What the task requires:
From the entries that follow, gather each line holding the word "Striped".

Supplied records:
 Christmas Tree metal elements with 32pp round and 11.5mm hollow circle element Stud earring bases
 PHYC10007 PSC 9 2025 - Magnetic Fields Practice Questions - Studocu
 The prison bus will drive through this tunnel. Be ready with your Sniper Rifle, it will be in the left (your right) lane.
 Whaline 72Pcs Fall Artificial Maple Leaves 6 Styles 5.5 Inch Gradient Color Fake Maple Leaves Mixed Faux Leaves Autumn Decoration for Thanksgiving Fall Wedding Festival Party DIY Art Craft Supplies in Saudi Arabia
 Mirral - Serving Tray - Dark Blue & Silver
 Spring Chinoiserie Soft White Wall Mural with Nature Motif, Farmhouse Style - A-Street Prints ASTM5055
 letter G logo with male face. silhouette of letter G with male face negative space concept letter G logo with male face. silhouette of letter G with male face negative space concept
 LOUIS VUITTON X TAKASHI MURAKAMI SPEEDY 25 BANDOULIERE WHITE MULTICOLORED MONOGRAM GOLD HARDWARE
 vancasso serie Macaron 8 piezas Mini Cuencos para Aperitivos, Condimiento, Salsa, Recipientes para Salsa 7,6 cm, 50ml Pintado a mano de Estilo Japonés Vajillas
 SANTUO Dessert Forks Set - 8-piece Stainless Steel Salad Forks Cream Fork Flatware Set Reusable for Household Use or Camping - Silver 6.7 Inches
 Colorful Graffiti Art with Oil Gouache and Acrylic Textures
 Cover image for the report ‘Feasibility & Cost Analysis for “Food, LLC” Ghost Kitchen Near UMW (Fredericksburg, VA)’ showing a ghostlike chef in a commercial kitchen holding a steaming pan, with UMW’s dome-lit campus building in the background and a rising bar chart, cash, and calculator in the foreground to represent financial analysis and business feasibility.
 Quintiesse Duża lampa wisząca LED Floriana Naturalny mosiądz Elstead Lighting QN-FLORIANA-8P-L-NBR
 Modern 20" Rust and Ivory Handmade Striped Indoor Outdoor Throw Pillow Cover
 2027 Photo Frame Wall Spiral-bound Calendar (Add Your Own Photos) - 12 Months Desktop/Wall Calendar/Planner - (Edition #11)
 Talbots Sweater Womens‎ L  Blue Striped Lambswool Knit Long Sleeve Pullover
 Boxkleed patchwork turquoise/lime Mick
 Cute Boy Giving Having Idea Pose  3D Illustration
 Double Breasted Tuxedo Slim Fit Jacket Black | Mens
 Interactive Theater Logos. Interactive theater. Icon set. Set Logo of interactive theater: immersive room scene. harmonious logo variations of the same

Response to the exercise:
 Modern 20" Rust and Ivory Handmade Striped Indoor Outdoor Throw Pillow Cover
 Talbots Sweater Womens‎ L  Blue Striped Lambswool Knit Long Sleeve Pullover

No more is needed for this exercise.